Et c’était la façon polie pour Marisol de songer que cet assaut devenait un peu plus un piège mortel à chaque seconde qui passait.

Mais l’escouade Silver, forte de son entraînement et de son esprit d’équipe, survivait. Chacun était prêt à donner sa vie pour leur cause autant que pour leurs coéquipiers. C’était suffisant pour les maintenir autour de l’agent Torens. La seule question était de savoir pour combien de temps. Assez rapidement, l’Espagnole perdit toute notion du temps : elle se contentait d’ajuster ses tirs avec une précision remarquable, rageant intérieurement de voir que les balles comme les grenades ne suffisaient qu’à ralentir ces créatures, à gagner un peu de temps à leur atout dans la manche pour faire de véritables ravages.
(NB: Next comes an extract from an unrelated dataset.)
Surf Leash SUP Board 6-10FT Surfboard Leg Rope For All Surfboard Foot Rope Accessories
Puis tout changea. Le salut venait de leur être octroyé, en la personne d’Andrea Parker.

    Lancer de dés #1
    Réussite : il n’y a pas de blessés graves.
    Echec : il y a des blessés graves.

    Lancer de dés #2 (si échec au #1)

    Double réussite : un seul blessé.
    Une réussite : il y a deux blessés graves.
    Double échec : certes, c’est une victoire pour l’UNISON, mais il y a quatre blessés graves
    .


Les alphas semblèrent soudain perdre tout sens commun, alors que leur Reine tombait, terrassée par la métisse Ultime. Désordonnés, presque affaiblis par la perte de leur souveraine, les monstres n'avaient plus qu'à être cueillis. Galvanisés par les ordres de leur Sergent autant que par le surprenant constat qu'ils faisaient, les agents de l'UNISON réagirent aussitôt.
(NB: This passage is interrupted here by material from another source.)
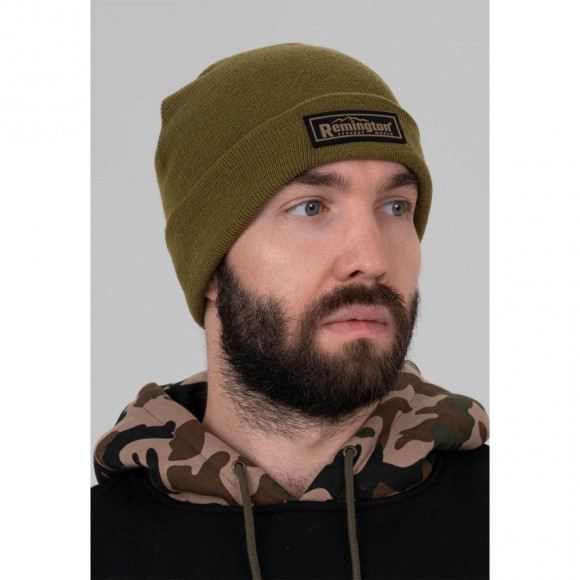 Шапка двухсторонняя Remington Тight Knit Brown / Red RM1544-906 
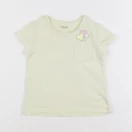 Vertbaudet - tee-shirt jaune - 3 ans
Torens, couvert avec soin par ses camarades, s'employa à exécuter les créatures survivantes avec l'aide bienvenue de Teo, qui débarrassa l'intérieur du laboratoire - et donc Andrea - des guerriers soudain désoeuvrés. Chacun semblait avoir retrouver un second souffle : il était évident que la victoire était à eux, enfin. Cela prit de longues minutes, mais finalement, tout autour d'eux, un silence relatif retomba sur les lieux. Essoufflée, mais sur le qui-vive, Marisol releva doucement le canon de son arme tandis qu'elle regardait autour d'elle. Autant qu'elle puisse en juger, ses camarades avaient tous l'air debout. Plusieurs d'entre eux arboraient quelques blessures, mais qui restaient légères en regard de la menace qu'ils venaient d'affronter. L'Espagnole vérifia que les hommes qu'elle avait sous ses ordres étaient en pleine forme. Comme il s'avérait que c'était le cas, elle se dirigea vers la pièce où avaient été retranchés les créatures.

Sergent Parker ? Tout va bien pour vous ?

La Caporal avait appelé avec prudence en s'aventurant dans le laboratoire. Là, elle retrouva Andrea ainsi que l'homme qu'elle avait protégé, sains et saufs. Soupirant de soulagement, Marisol se permit un sourire.

Eh bien, Sergent, voilà que vous récoltez toute la gloire, rit-elle doucement, après avoir brièvement coupé le canal de communication général. Joli coup, ajouta l'ancienne soldate avec une certaine gaieté.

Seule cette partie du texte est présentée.